**TASK ITEM:** Go through the data below and transcribe it exactly. Omit the images.

**DATASET CONTENT:**
##############################
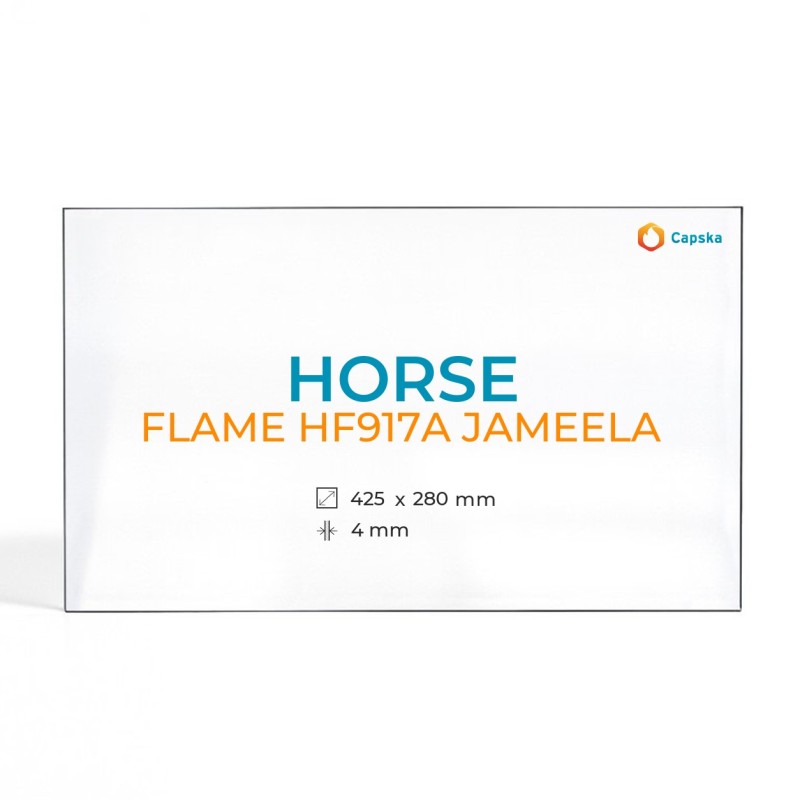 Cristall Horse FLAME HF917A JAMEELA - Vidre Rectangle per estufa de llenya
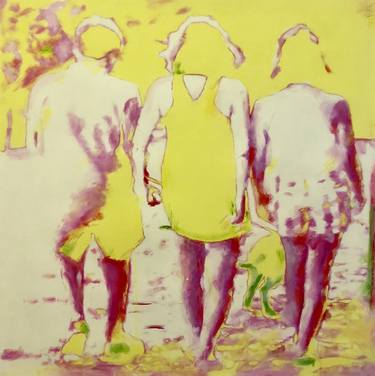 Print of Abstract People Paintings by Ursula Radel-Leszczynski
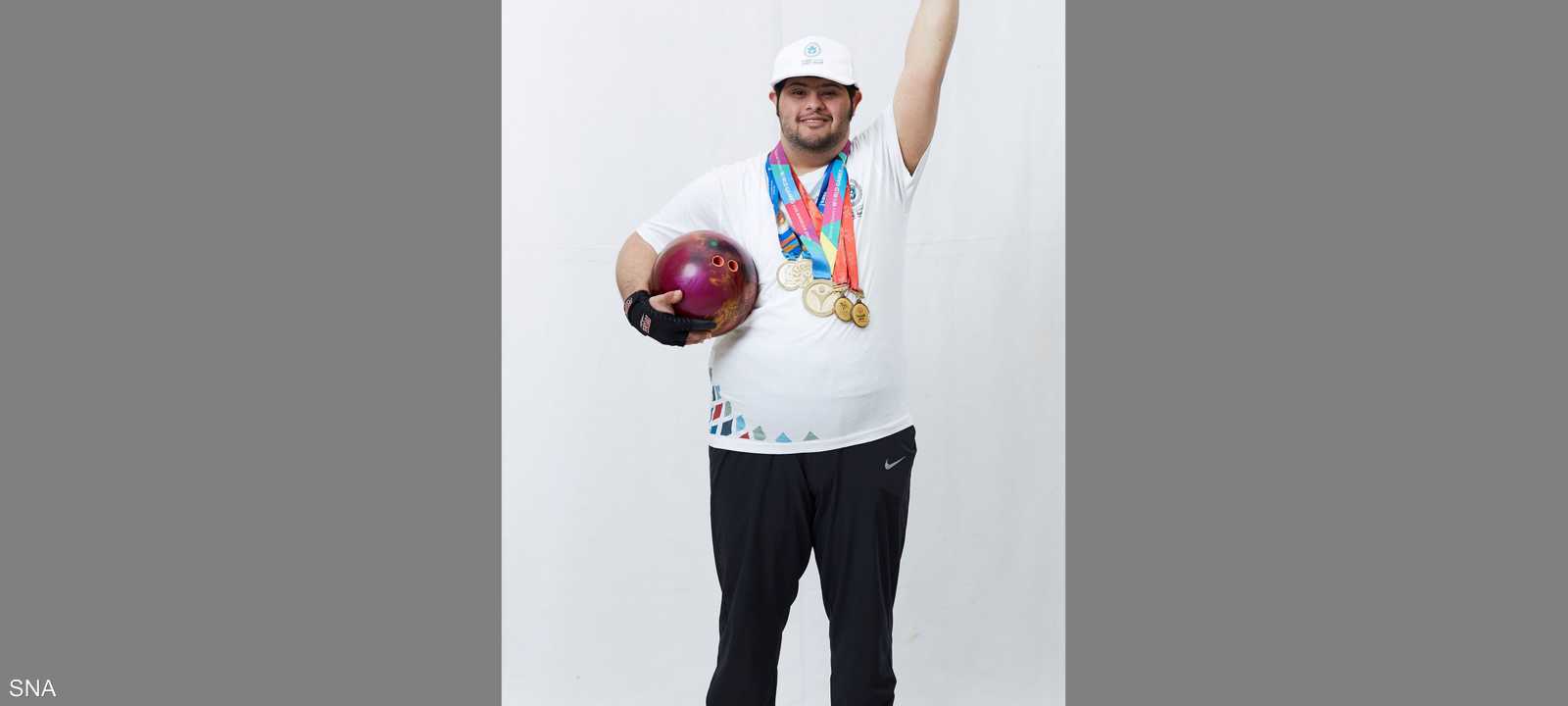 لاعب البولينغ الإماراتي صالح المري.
##############################
**RESPONSE TO THIS TASK:**
 Cristall Horse FLAME HF917A JAMEELA - Vidre Rectangle per estufa de llenya
 Print of Abstract People Paintings by Ursula Radel-Leszczynski
 لاعب البولينغ الإماراتي صالح المري.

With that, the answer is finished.